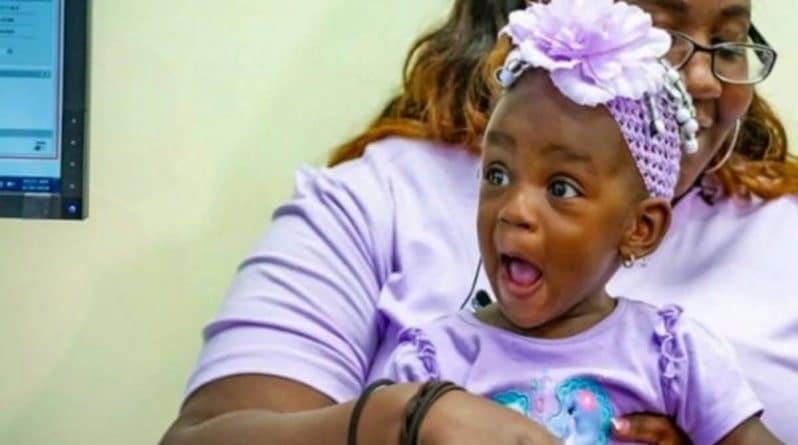 Здоровье: Невероятно трогательный момент, когда глухая с рождения девочка впервые услышала слова мамы «Я тебя люблю» (видео)
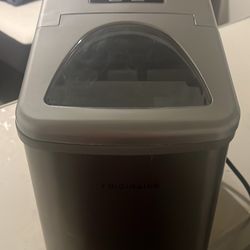Bullet icemaker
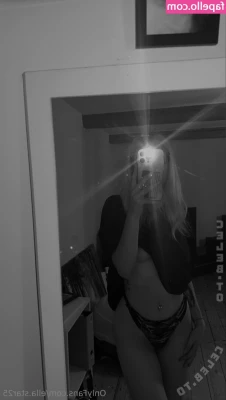 Ella Star [ ella-star ] - Who likes a fat juicy ass and wants to see more
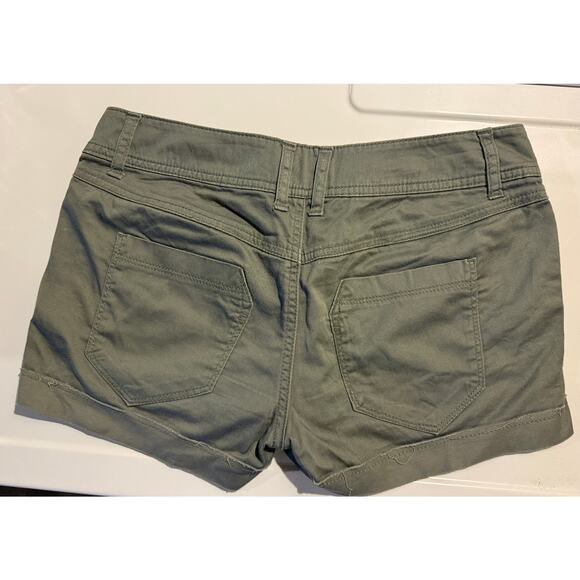 Forever 21 Army Green Shorts - Picture 2 of 4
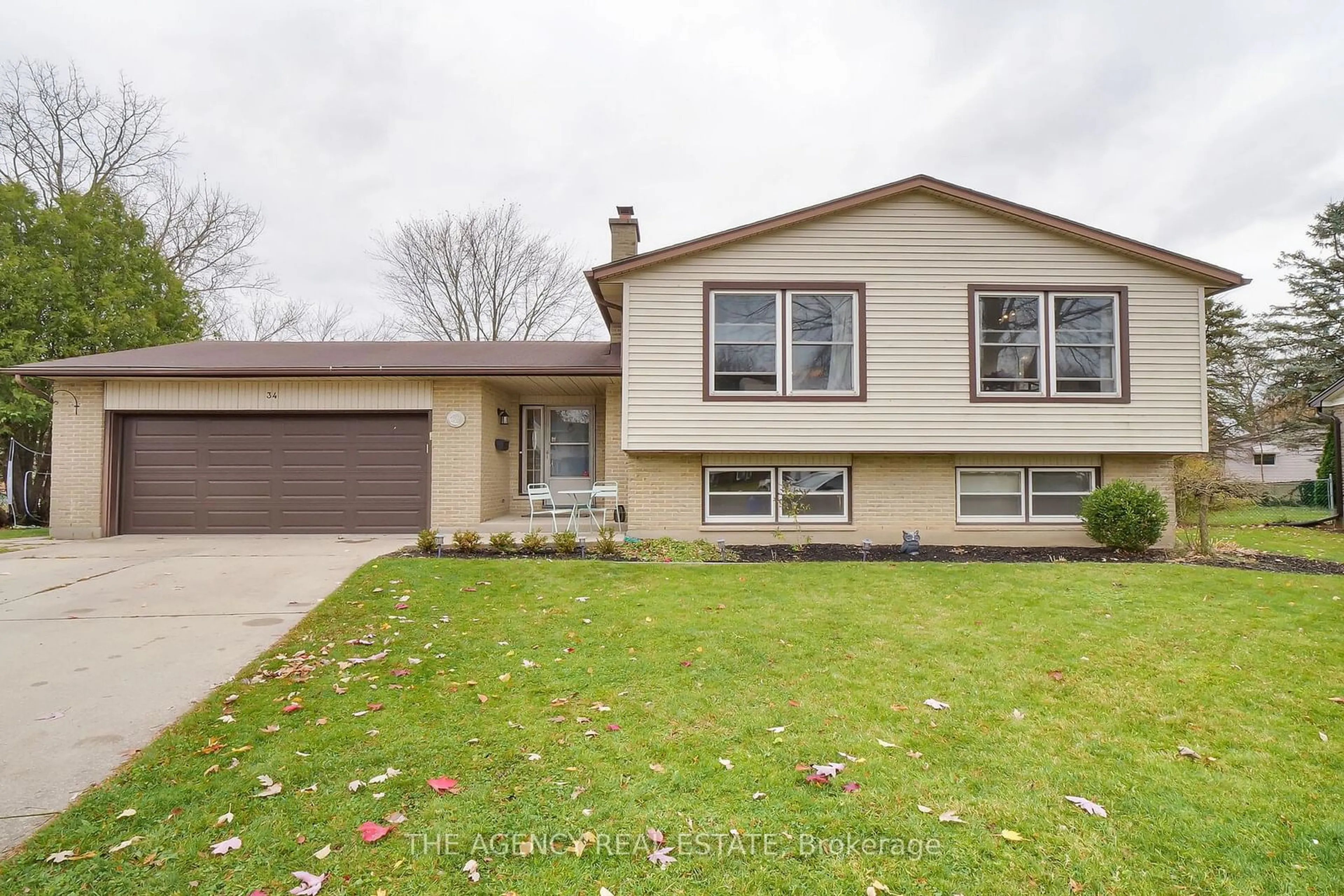 Frontside or backside of a home, the street view for 34 Lynngate Crt, London Ontario N6K 1S4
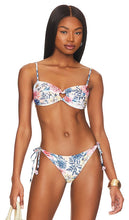 Agua Bendita Talia Bandeau Bikini Top in Blue - Haut de bikini bandeau Agua Bendita Talia en bleu - Agua Bendita Talia 蓝色抹胸式比基尼上衣 - Agua Bendita Talia Bandeau-Bikinioberteil in Blau - Agua Bendita Talia Bandeau 비키니 탑 블루 색상 - Top bikini a fascia Agua Bendita Talia in blu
■ ■ ■
Exercise goal: Retype the data above as given, letting no picture into the copy.

Response:
 Здоровье: Невероятно трогательный момент, когда глухая с рождения девочка впервые услышала слова мамы «Я тебя люблю» (видео)
Bullet icemaker
 Ella Star [ ella-star ] - Who likes a fat juicy ass and wants to see more
 Forever 21 Army Green Shorts - Picture 2 of 4
 Frontside or backside of a home, the street view for 34 Lynngate Crt, London Ontario N6K 1S4
 Agua Bendita Talia Bandeau Bikini Top in Blue - Haut de bikini bandeau Agua Bendita Talia en bleu - Agua Bendita Talia 蓝色抹胸式比基尼上衣 - Agua Bendita Talia Bandeau-Bikinioberteil in Blau - Agua Bendita Talia Bandeau 비키니 탑 블루 색상 - Top bikini a fascia Agua Bendita Talia in blu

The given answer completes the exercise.